Could you retype the material, starting at its first line and ending with the line holding "Hill WA 6163", and keep the pictures out?
* * *
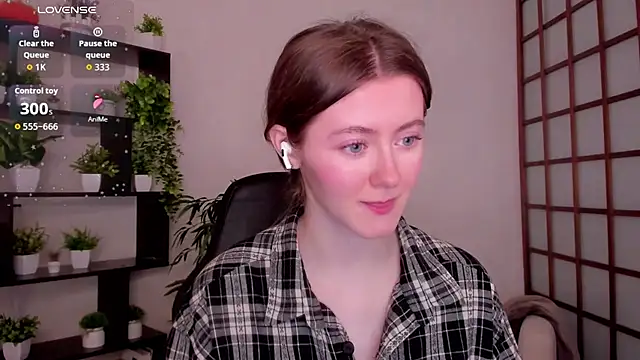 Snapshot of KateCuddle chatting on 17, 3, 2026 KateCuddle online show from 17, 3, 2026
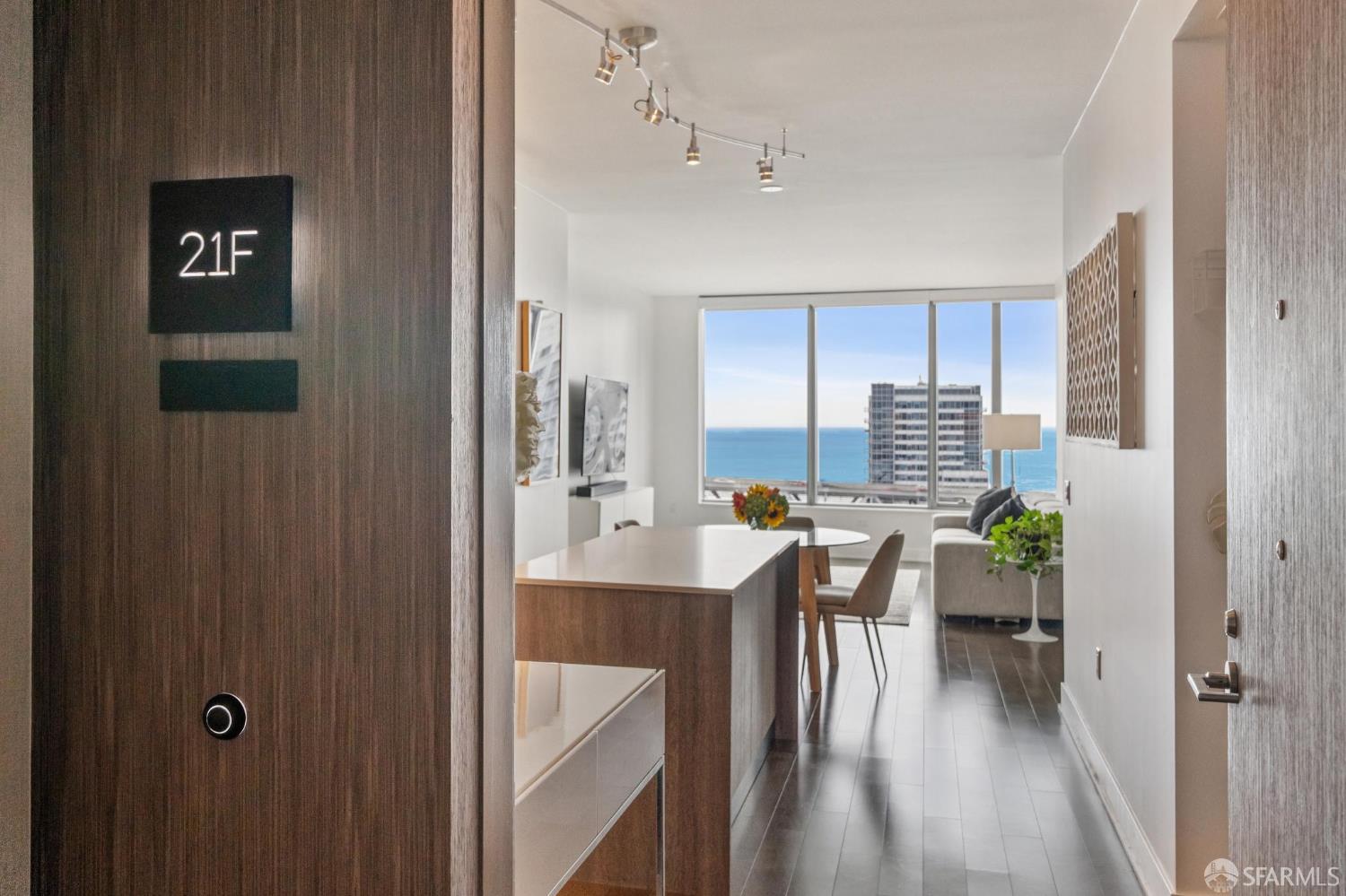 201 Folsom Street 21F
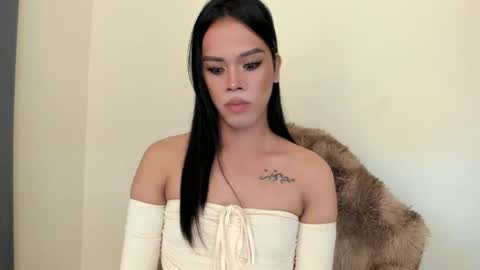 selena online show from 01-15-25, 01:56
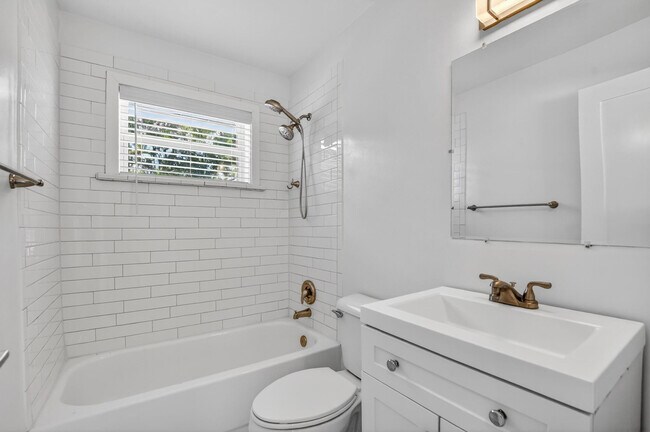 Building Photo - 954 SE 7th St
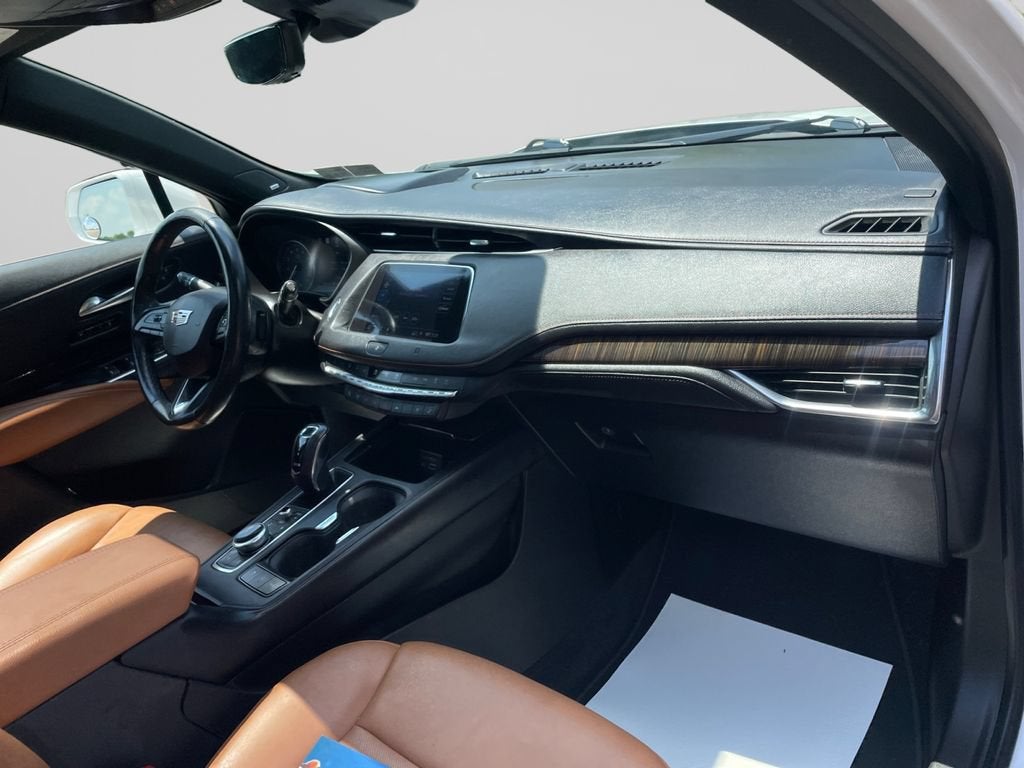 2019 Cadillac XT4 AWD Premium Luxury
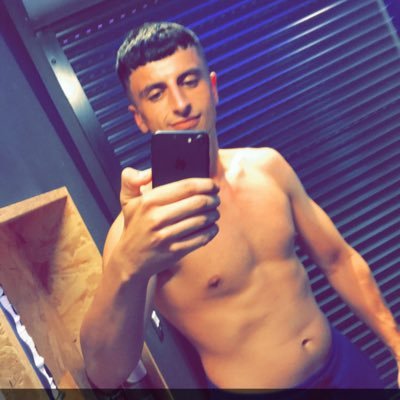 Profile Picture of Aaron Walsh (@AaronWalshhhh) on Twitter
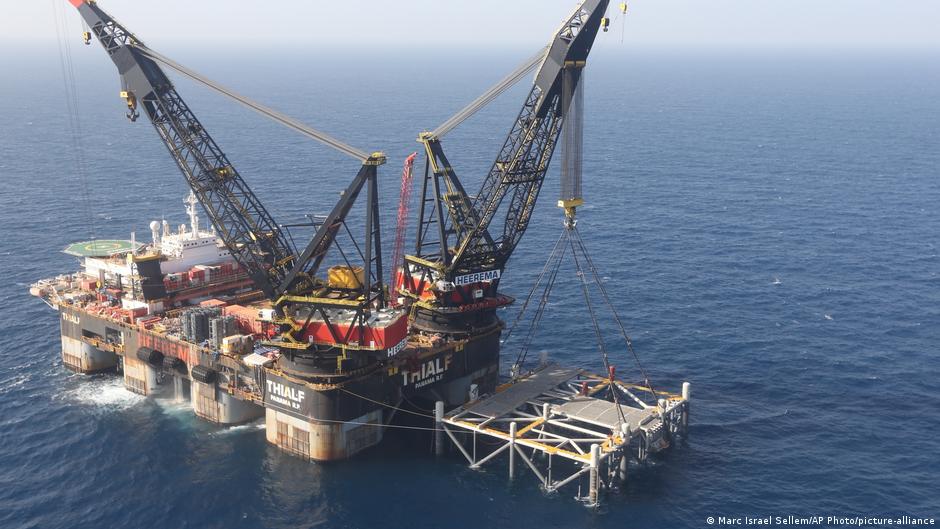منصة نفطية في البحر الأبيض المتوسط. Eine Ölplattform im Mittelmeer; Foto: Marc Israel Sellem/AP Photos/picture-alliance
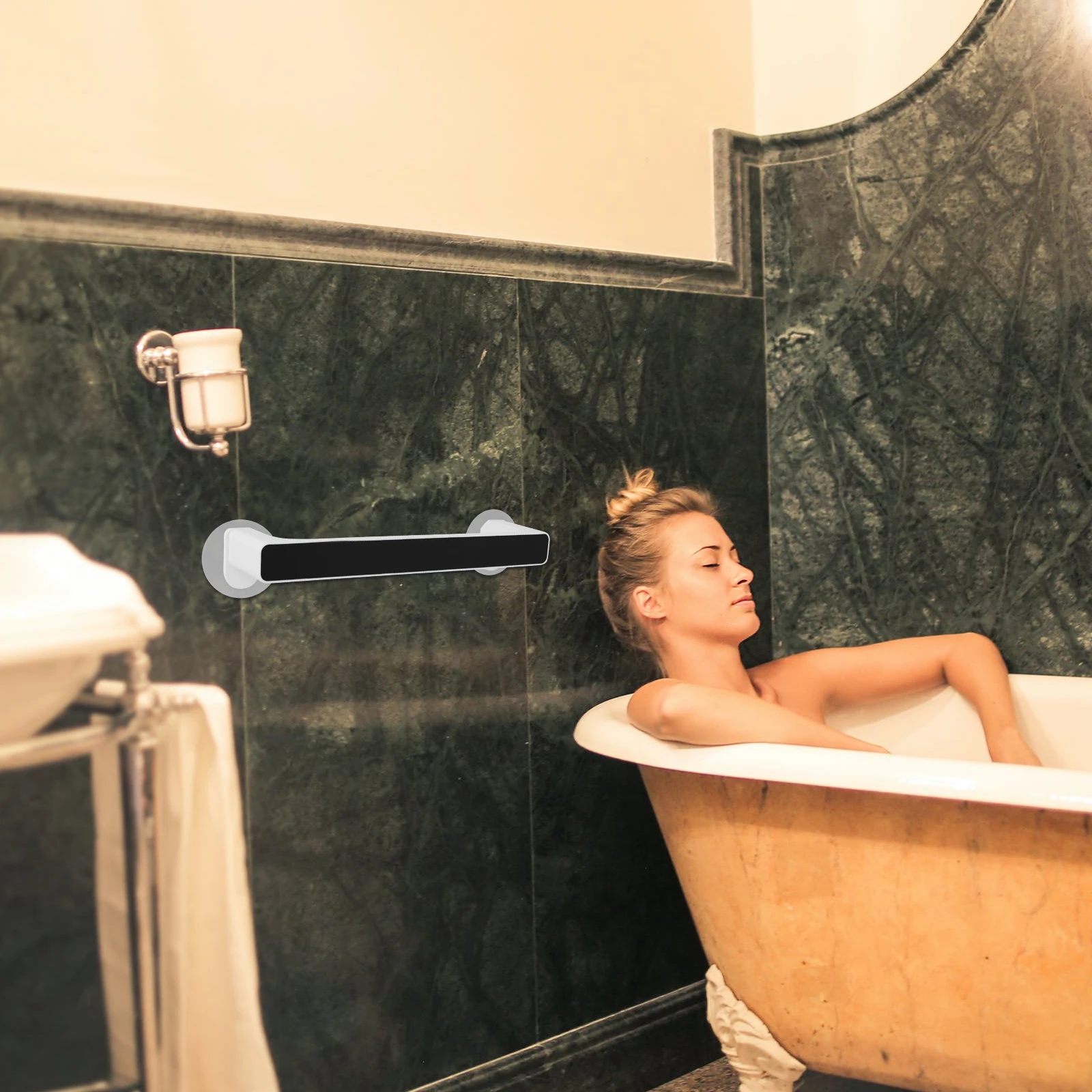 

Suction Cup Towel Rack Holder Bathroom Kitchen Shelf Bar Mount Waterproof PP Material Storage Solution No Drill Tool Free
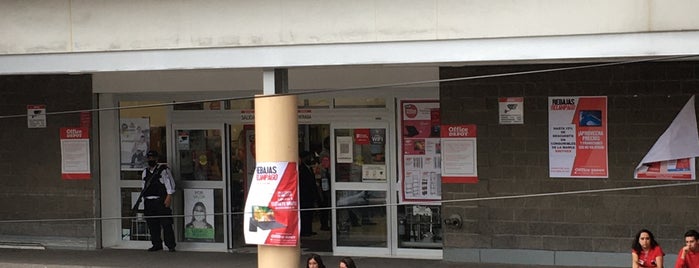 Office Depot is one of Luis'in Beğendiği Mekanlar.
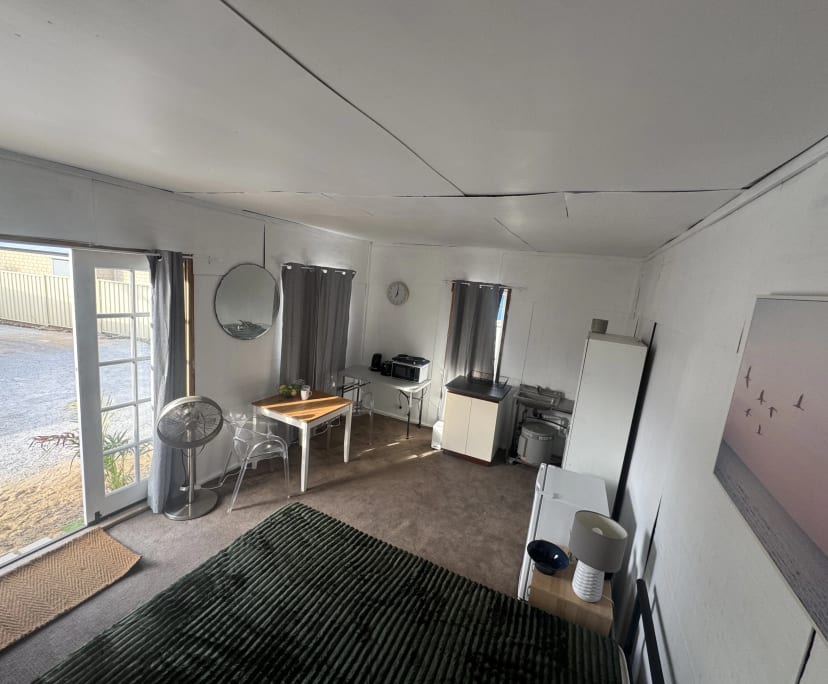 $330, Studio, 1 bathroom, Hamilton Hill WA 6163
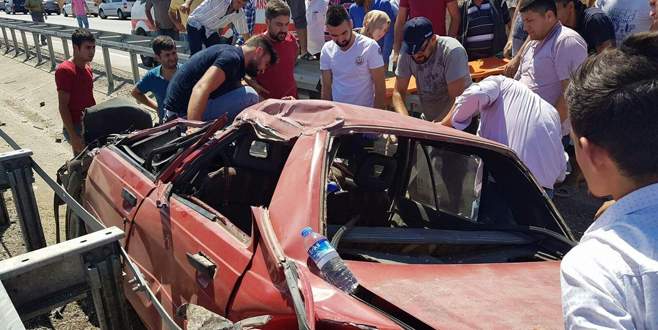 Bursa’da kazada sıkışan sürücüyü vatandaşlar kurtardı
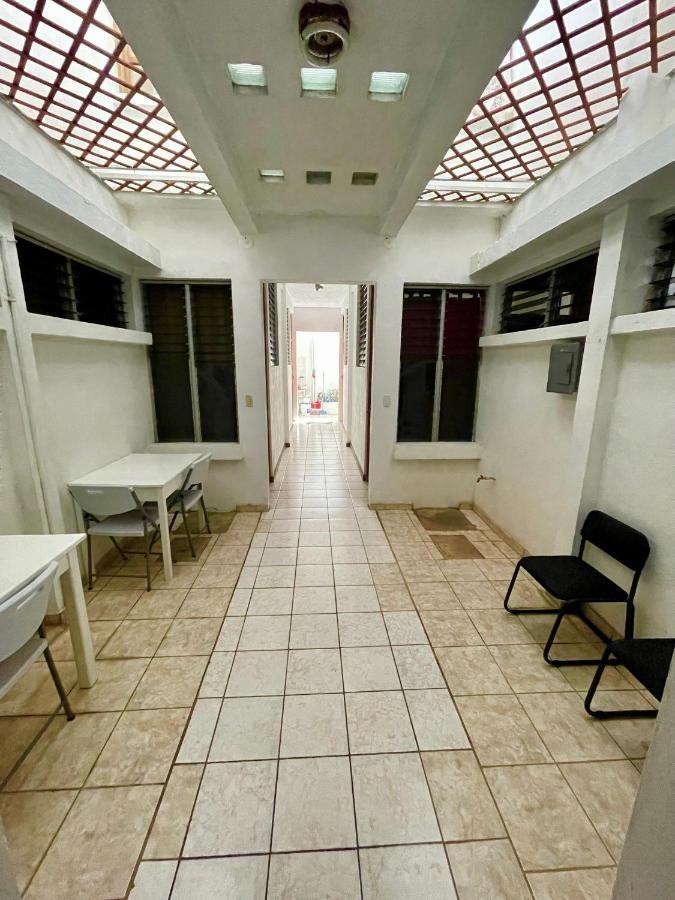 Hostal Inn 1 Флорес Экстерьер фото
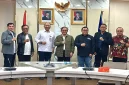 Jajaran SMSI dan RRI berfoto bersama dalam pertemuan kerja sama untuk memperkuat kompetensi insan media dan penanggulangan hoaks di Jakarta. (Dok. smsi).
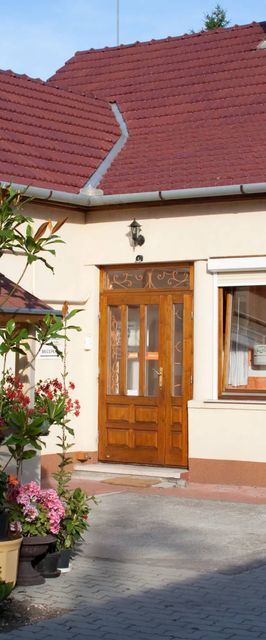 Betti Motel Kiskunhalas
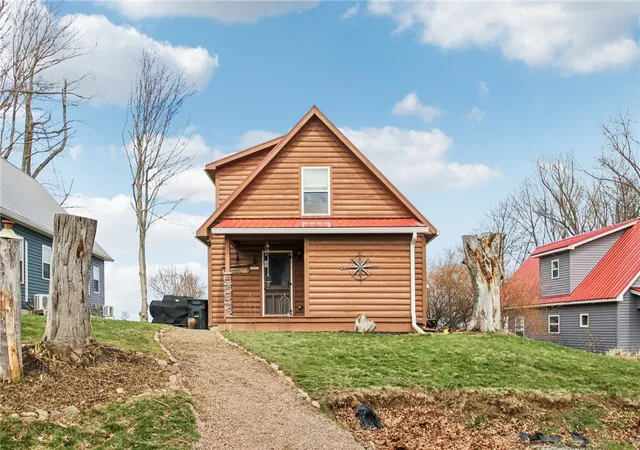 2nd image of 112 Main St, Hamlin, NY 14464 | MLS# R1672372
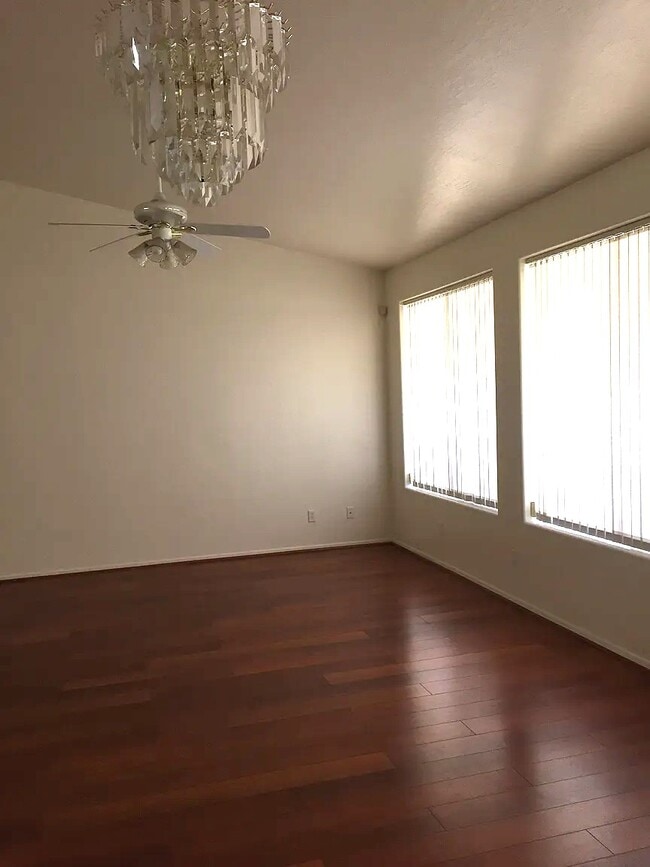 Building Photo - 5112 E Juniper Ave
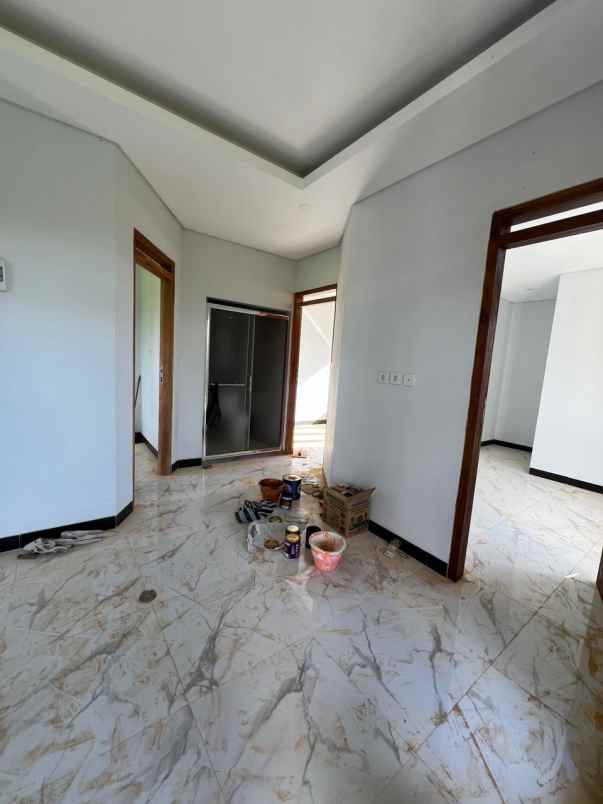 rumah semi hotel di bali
* * *
RESPONSE TO THE TASK:
 Snapshot of KateCuddle chatting on 17, 3, 2026 KateCuddle online show from 17, 3, 2026
 201 Folsom Street 21F
 selena online show from 01-15-25, 01:56
 Building Photo - 954 SE 7th St
 2019 Cadillac XT4 AWD Premium Luxury
 Profile Picture of Aaron Walsh (@AaronWalshhhh) on Twitter
منصة نفطية في البحر الأبيض المتوسط. Eine Ölplattform im Mittelmeer; Foto: Marc Israel Sellem/AP Photos/picture-alliance

Suction Cup Towel Rack Holder Bathroom Kitchen Shelf Bar Mount Waterproof PP Material Storage Solution No Drill Tool Free
 Office Depot is one of Luis'in Beğendiği Mekanlar.
 $330, Studio, 1 bathroom, Hamilton Hill WA 6163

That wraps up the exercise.